Oracle Process Architecture Internals


To understand the Oracle Architecture in detail, we need to have deep understanding of the Memory and Process architecture. I have already covered Oracle Memory Architecture here. In this post I would cover the basic Oracle Internal processes and their interprocess communication.

NOTE:- This posts assumes that you are aware of Oracle Memory Architecture.

Arch.PNG

Broadly Oracle Process structure is classified as:-

User Process, Server Process and Background Process. We would cover every process individually.

  1. User Process:- A database user whi needs to request information from the database must first make connection with the Oracle Server. the connection is requested using a database interface tool, such as SQL*Plus, and beginning the user process. The user process does not interact directly with the Oracle Server. Rather ut generates calls through the user program interface (UPI), which creates a session and start a server process.user.PNG
  2. Server Process:- Once a user has established a connection, a server process is started to handle the user processes requests. A server process can be either a dedicated server process or  a shared server process.

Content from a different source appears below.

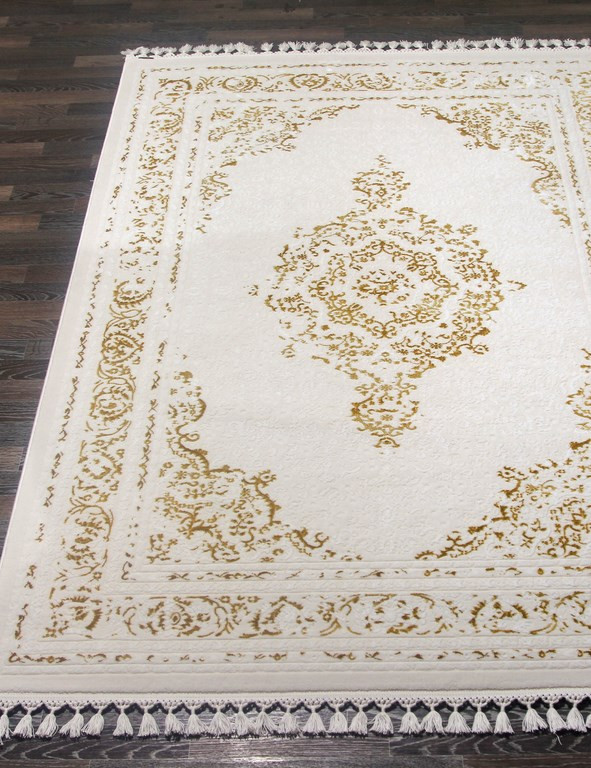HUNKAR - 7855 - GOLD / WHITE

In a dedicated server environment, the server process handles the request of a single user process. Once a a user process disconnects, the server process is terminated. In a shared server env., the server process handles the request of several user processes. The server process communicates with the Oracle server using the Oracle Program Interface (OPI).
    dedi

    Dedicated Server Connection

    shared

    Shared Server Connection

  3. Background Process:- There are two classes of background processes: those that have a focused job to do and those that do a variety of other jobs (i.e., utility processes).
    bg.PNG

    Focussed Background Processes

    Let’s now take a look at the function performed by each major process of interest, starting with the primary Oracle background processes.

  • PMON: The Process Monitor

This process is responsible for cleaning up after abnormally terminated connections. For example, if your dedicated server “fails” or is killed for some reason, PMON is the process responsible for fixing (recovering or undoing work) and releasing your resources. PMON will initiate the rollback of uncommitted work, release locks, and free SGA resources allocated to the failed process.

In addition to cleaning up after aborted connections, PMON is responsible for monitoring the other Oracle background processes and restarting them if necessary (and if possible). If a shared server or a dispatcher fails (crashes), PMON will step in and restart another one (after cleaning up for the failed process). PMON will watch all of the Oracle processes and either restart them or terminate the instance as appropriate. For example, it is appropriate to fail the instance in the event the database log writer process, LGWR, fails. This is a serious error, and the safest path of action is to terminate the instance immediately and let normal recovery fix the data.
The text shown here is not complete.